The test renders an unaccelerated BI directly to the screen
in a tight loop, resizing the window from time to time.
After a while, the test stops updating the screen,
shows garbage and eventually crashes.
The problem is in the D3DScreenUpdateManager's handling of
on-screen surfaces. When a window is resized the current surface
gets replaced with a new one, which is initially in the "lost"
state. This is so that we don't waste resources on surfaces which
aren't rendered to.
When a surface is first rendered to it is "restored" -
the native surface gets created.
The problem is that this may happen from different threads
at the same time: the screen updater thread, which checks
the surfaces and flips the ones rendered to, as well as restores
the lost ones, and any other thread which does the
rendering - the main thread in this particular case.

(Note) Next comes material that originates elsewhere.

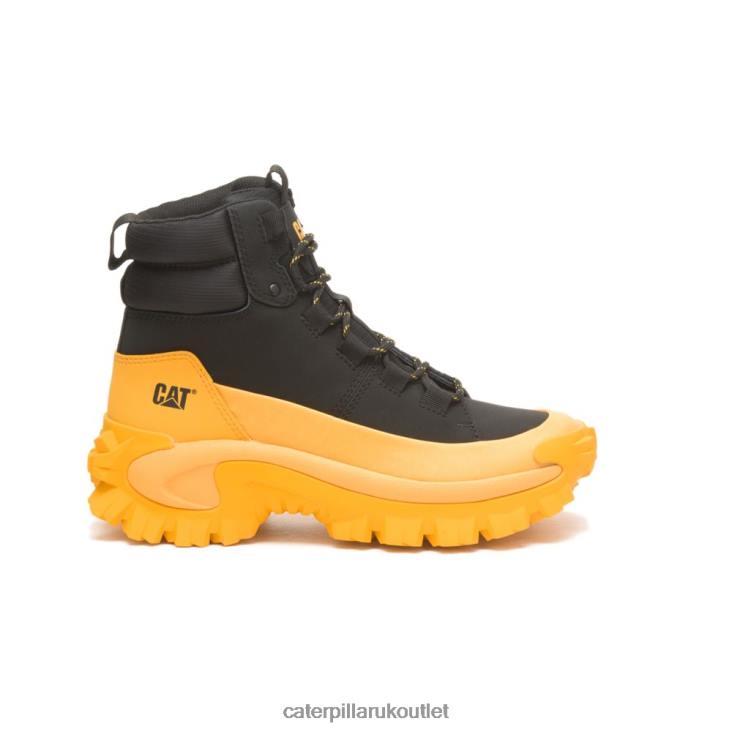 Men Cat Yellow/Black Caterpillar Trespass Waterproof Galosh 48T8175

Since the 'lost' state of the surface data and the
restoration isn't synchronized, it may get "restored"
from both threads at the same time.
Here's an example of what happens
T1 ScreenUpdater Thread
g = getGraphics() run()
../// resize happens, the new dst surface is installed, in lost state
D3DSD.initSurface //created new swap chain S1
.. D3DSD.initSurface() // dst now has new swap chain S2
dst.flip() // we flip S2, not S1!
Here's a stack trace illustrating this:
java.lang.Exception: Stack trace
setting RT: sun.java2d.d3d.D3DSurfaceData$D3DWindowSurfaceData@5e176f
java.lang.Exception: Stack trace
Now the BufferedContext thinks that it had
set the render target on thenative level (since the
destination surface data object doesn't change), but
in reality the new native surface is never set as render
target, so nothing gets rendered.
Also, we're leaking the first surface that was restored.
The native resource managers still tracks it, but it will only
be released when device reset happens. So if we have tons of
resizes we quickly exhaust video memory, and then strange
things start to happen - createSwapChain returns some weird
errors (not the OUT_OF_VIDEO_MEMORY as one would expect),
and we sometimes crash when transfering pixels to a locked a
managed surface. This looks like a bug in d3d runtime - since
lock succeeds, and we don't render outside of its memory
(I've verified it with memset(ptr, 0, h*lineStride).
A better and more risky fix would be to make surfaceData's
lost state to be thread-safe with locking. But this is prone
to issues, so instead it appears that it is easier to deal
with the consequences of it not being thread-safe.
First of all, this situation can only happen to
our own "on-screen" surfaces, belonging to D3DScreenUpdateManager.
This is because the D3DVolatileSurfaceManager doesn't actually
restore the current accelerated surface, it creates a new one
instead. Also, typically applications don't validate
volatile images and render to/from them on different threads
Preventing leaks causing the crashes is simple: we just need
to release the current resource in the native surface before
allocating a new one.
But we still have a problem of BufferedContext not resetting
the render target (the cause of rendering artifacts).
For that a workaround is to reset the
BufferedContext after a successful restoration of the
D3DWindowSurfaceData. This will make sure that the
next rendering call will set the proper render target
to the d3d device.
With this fix the test runs with no problems.